The Miami Herald
October 23, 1999
 
 
Puerto Rican leader willing to deal

 BY CAROL ROSENBERG

 SAN JUAN, Puerto Rico -- The governor of Puerto Rico Friday expressed his
 willingness to support the Pentagon's limited use of the island of Vieques if the
 Clinton administration abandons it as a bombing range and cedes the property to
 the commonwealth.

 Gov. Pedro Rossello, in an interview with The Herald, said the Department of
 Defense could continue to use a counter-drug spy radar and permit Marines to
 practice rifle-shooting assaults on the island. But he expressed confidence that
 the bombing will not resume.

 Rossello spoke to The Herald fresh from testifying on the Vieques controversy
 before the Senate Armed Services Committee in Washington. The issue has
 united statehood advocates like the governor and independence supporters such
 as lawmaker Ruben Berrios, who has staged a six-month sit-in that stopped the
 bombing.

 The governor rushed home from Washington Wednesday to oversee emergency
 preparations for Hurricane Jose, which swept east and spared his commonwealth
 significant damage.

 BOMBING SLAMMED

 He said confidently, and repeatedly, that Navy and NATO aircraft had dropped
 their last bomb on six-decade-old ranges on the 20-mile-long island. Two-thirds of
 it is owned by the U.S. government; the rest is home to 9,300 civilians.

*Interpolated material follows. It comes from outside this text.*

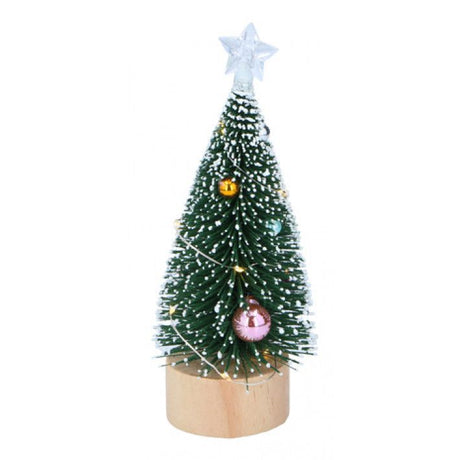 LED Weihnachtsbaum Deko 22,5 cm – Batteriebetrieben, 10 LEDs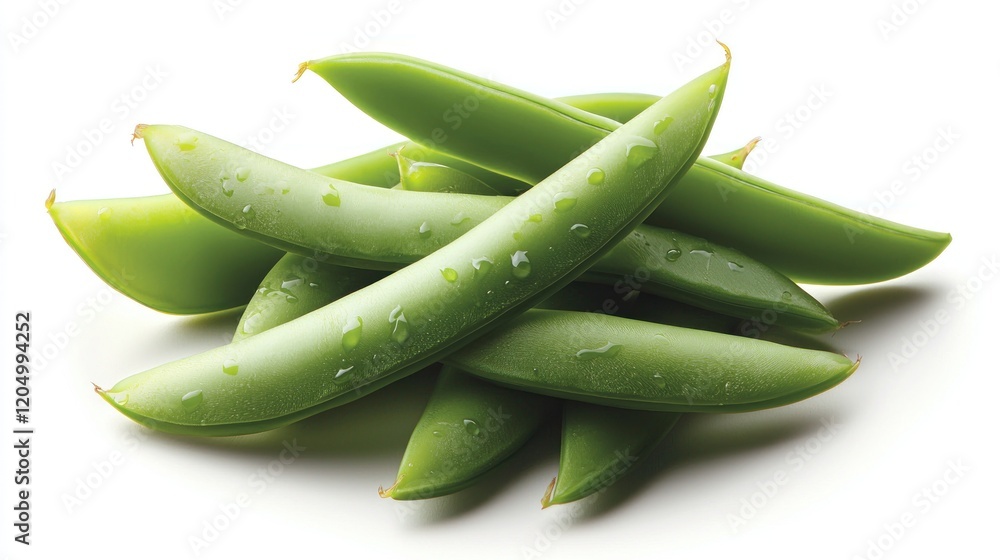 Fresh Green Snap Peas Studio Shot, White Background, Food Photography Fresh Green Snap Peas Studio Shot, White Background, Food Photography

 ``At some point the Navy will leave Vieques,'' he said. ``The destructive bombing
 that has gone on for 58 years will not be resumed. If the Navy wants to drag this
 out further that's fine with us -- as long as there is no bombing of Vieques.''

 A presidential panel recommended the opposite this week -- advocating that
 training missions resume for five years while the military finds other test sites.
 President Clinton must now decide the fate of Vieques. He ordered the special
 study after a fighter jet mistakenly dropped a bomb on a watchtower April 19,
 killing civilian guard David Sanes, 35.

 Although confident that the bombing would not resume, he said he was not privy
 to what the president would decide -- or when he would announce it.

 ``There will be no bombing. You can have Marines landing and shooting with their
 rifles,'' he said, adding, ``that can be worked out.''

 `RETHINK TRAINING'

 Rossello said, however, that the Navy should rethink its training doctrine because
 no U.S. force had met opposition in an amphibious assault since troops led by
 Gen. Douglas MacArthur attacked Inchon, Korea. ``Maybe this is a stimulus for
 the Navy to look toward the future and not the past.''

 Vieques is also home to Over the Horizon Radar, expected to be operational early
 next year. Invented in the Cold War to track Soviet aircraft from Alaska, the
 Miami-based Southern Command established two stations in Puerto Rico, one on
 Vieques, to spy on drug activity across South America.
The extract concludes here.